Los Angeles Biomedical Research Institute at Harbor- UCLA Medical Center
2008 New Investigator Research Grant
The protein tau is important for maintaining cell structure, but it is also the main component of neurofibrillary tangles, a characteristic feature of Alzheimer pathology. Because of this central role in Alzheimer's disease, researchers have been studying the function of tau and searching for enzymes that remove excess or abnormal tau.
Stanislav L. Karsten, Ph.D., and colleagues have identified a protein, puromycin-sensitive aminopeptidase (PSA), which shows evidence of being involved in the removal of tau from cells. Using genetically modified animal models, in which the expression of tau is increased, they have also found evidence that PSA reduced tau-dependent neurodegeneration. Furthermore, genetic manipulations that prevented the function of PSA led to worsening of neurodegeneration. These effects corresponded to decreases or increases, respectively, of tau levels in the brain.
Dr.

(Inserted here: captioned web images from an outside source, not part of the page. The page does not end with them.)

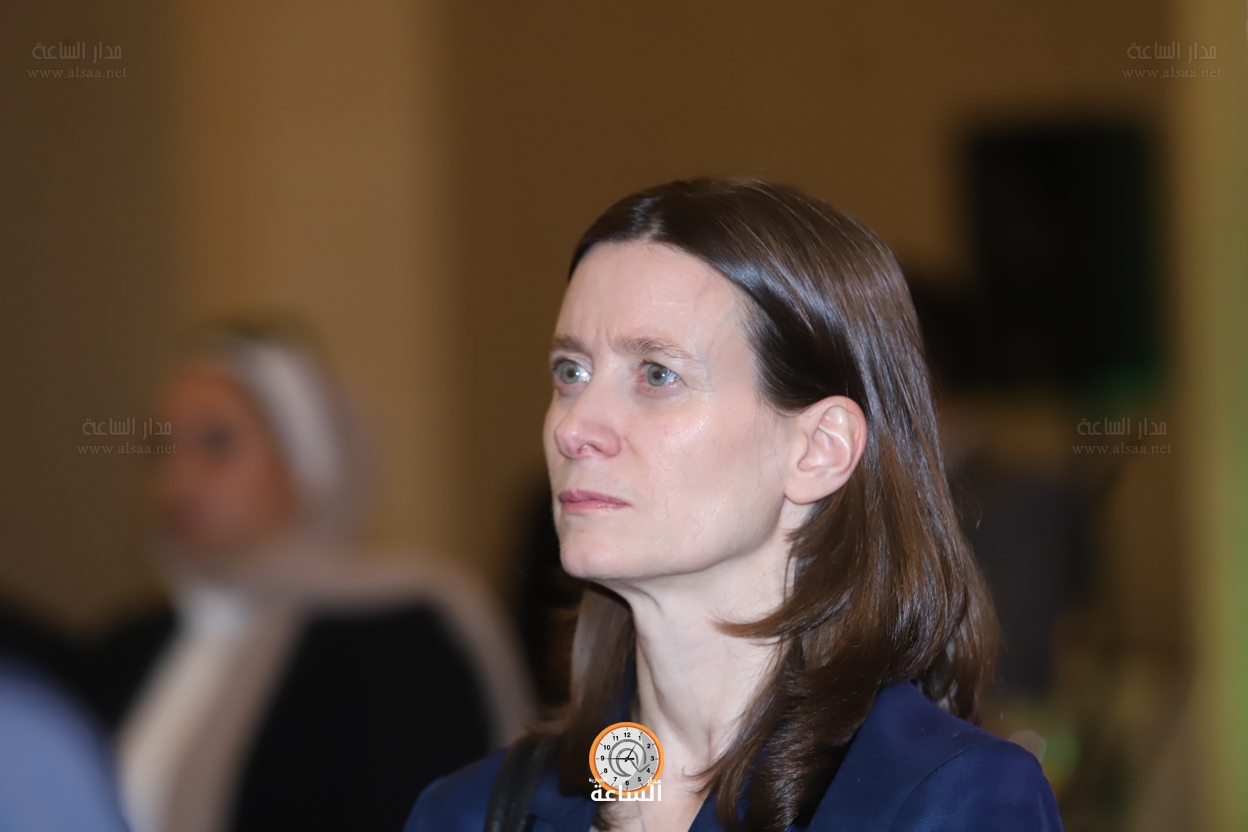 Madar Al-Saa Images 0.23473439908339166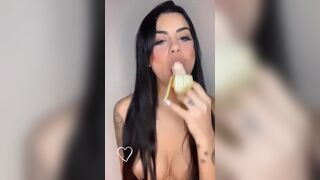 Jaiane Lima Sexy Bae Sucking Banana Teasing OnlyFans Video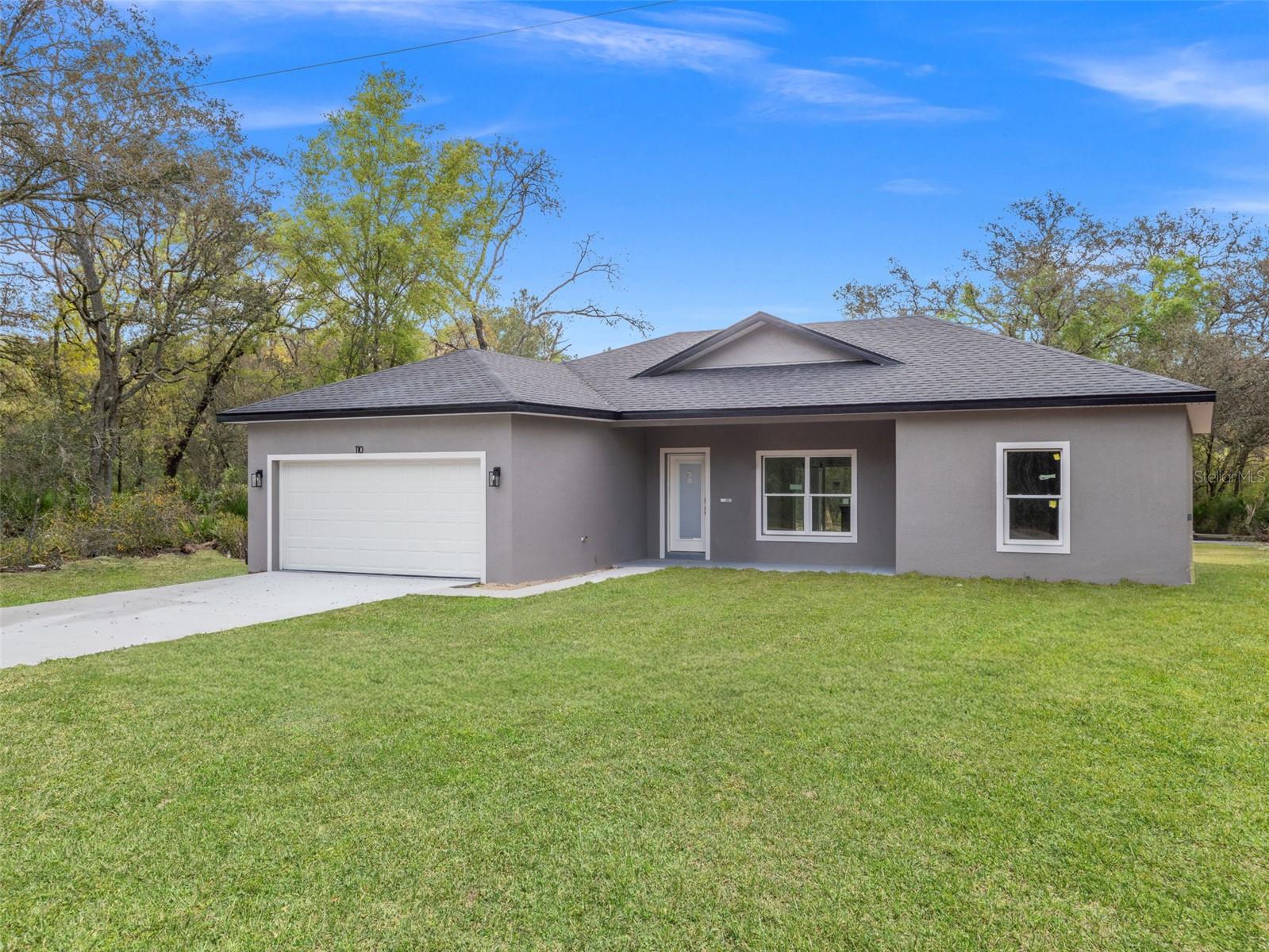 110 GUAVA PLACE DR, OCKLAWAHA, FL, 32179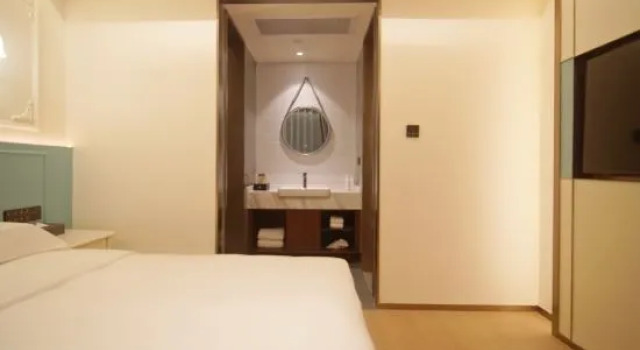 Семейный люкс EZZI HOTEL(Taiyuan Changzhi Road Xuefu Street Subway Station)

Karsten and colleagues plan to continue their studies by examining the functional roles of PSA in mice. Using genetic engineering techniques, they have created mice that express large amounts of PSA. They plan to cross these mice with other genetically altered mice that express aspects of Alzheimer pathology, such as neurofibrillary tangles or amyloid plaques. The researchers will use a variety of techniques to monitor the onset and progression of neurodegeneration in these animal models.
These studies may reveal the role of PSA in removing excess or abnormal tau and may demonstrate the potential of increasing PSA as a therapeutic strategy for Alzheimer's disease.